From the entries below, write out exactly the lines between the line holding "Railway News Saturday" and the line holding "Hướng Dẫn Sinh", inclusive, excluding any pictures.
# # # # #
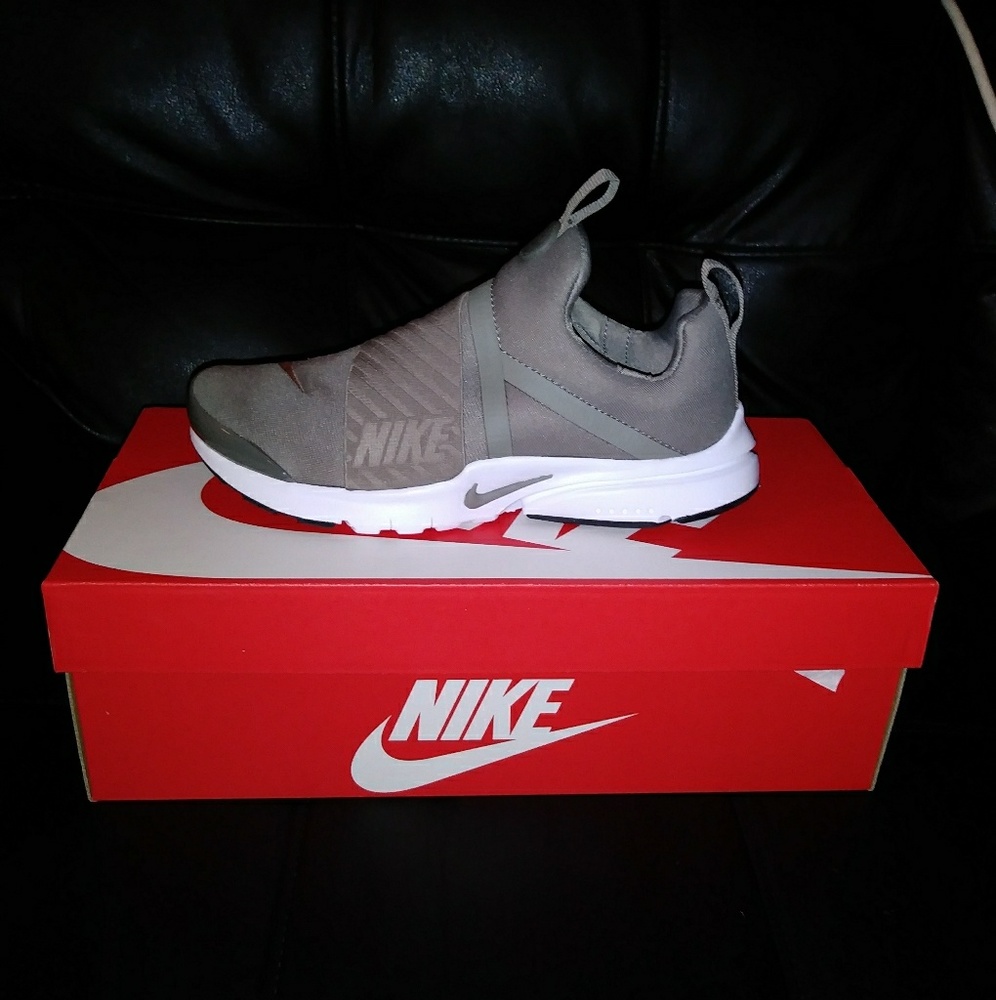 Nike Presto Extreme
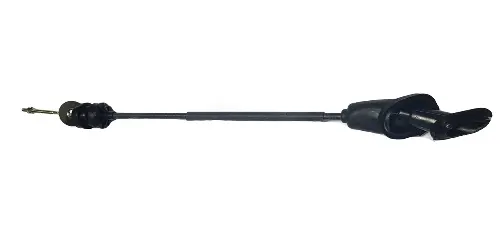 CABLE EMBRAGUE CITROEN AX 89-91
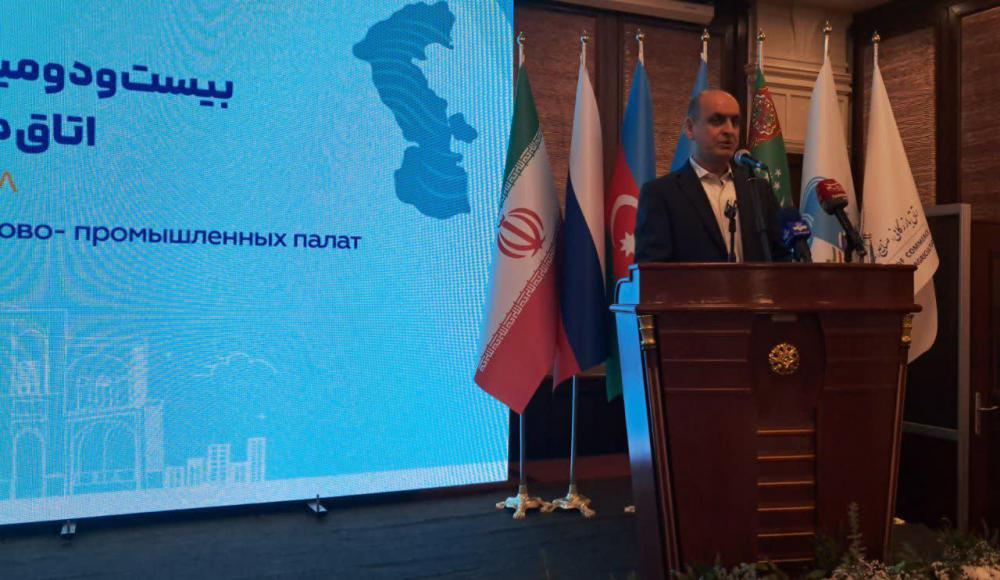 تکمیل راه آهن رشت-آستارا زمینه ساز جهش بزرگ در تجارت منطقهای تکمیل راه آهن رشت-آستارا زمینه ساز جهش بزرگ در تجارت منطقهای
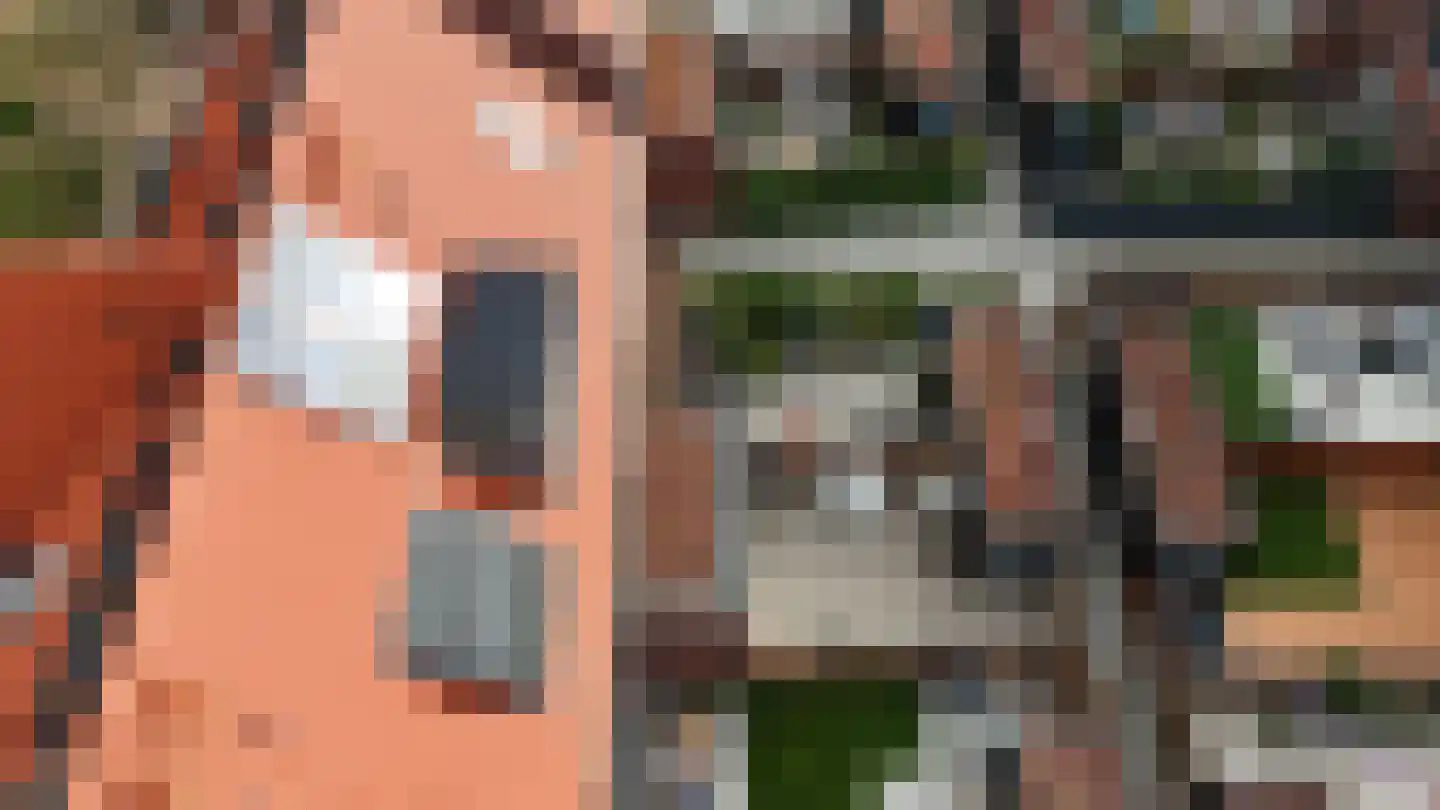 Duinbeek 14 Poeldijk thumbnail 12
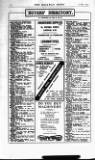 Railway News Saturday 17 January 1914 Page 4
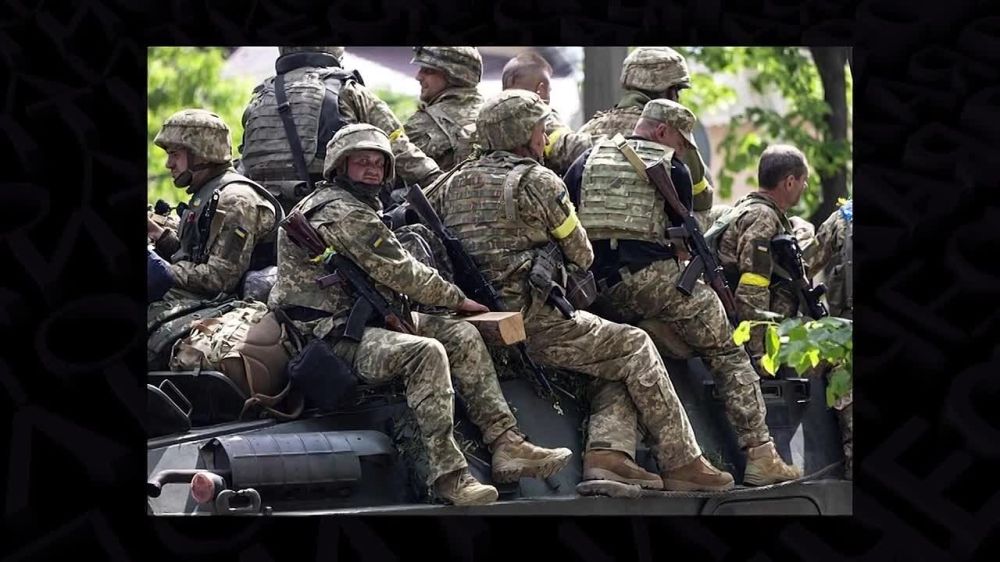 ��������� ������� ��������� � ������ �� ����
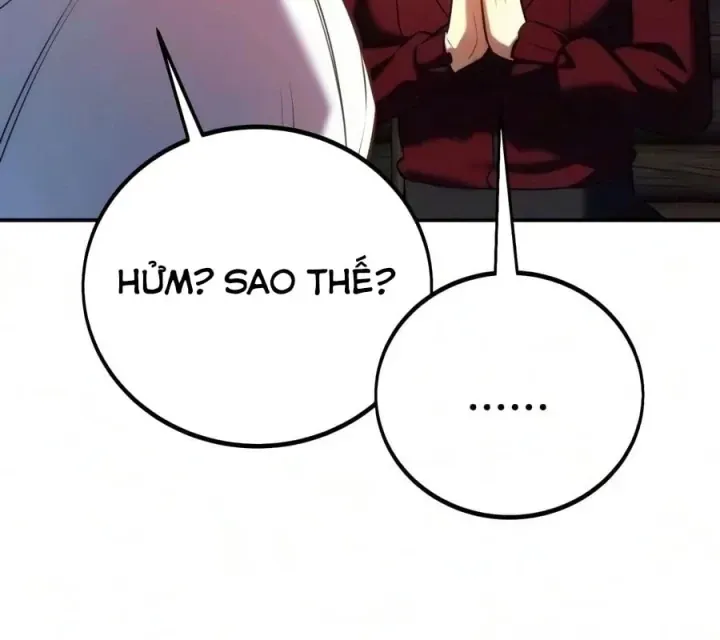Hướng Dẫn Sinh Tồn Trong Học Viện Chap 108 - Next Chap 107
# # # # #
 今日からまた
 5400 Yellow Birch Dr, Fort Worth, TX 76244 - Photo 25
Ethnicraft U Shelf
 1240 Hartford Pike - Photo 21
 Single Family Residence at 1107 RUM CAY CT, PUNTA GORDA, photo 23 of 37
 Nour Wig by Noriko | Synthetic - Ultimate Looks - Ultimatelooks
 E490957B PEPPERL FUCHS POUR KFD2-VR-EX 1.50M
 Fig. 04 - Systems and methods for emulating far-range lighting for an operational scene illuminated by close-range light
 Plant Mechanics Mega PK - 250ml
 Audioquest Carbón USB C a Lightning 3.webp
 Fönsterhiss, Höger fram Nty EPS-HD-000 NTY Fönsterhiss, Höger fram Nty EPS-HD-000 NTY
# # # # #
• Task answer:
 Railway News Saturday 17 January 1914 Page 4
 ��������� ������� ��������� � ������ �� ����
Hướng Dẫn Sinh Tồn Trong Học Viện Chap 108 - Next Chap 107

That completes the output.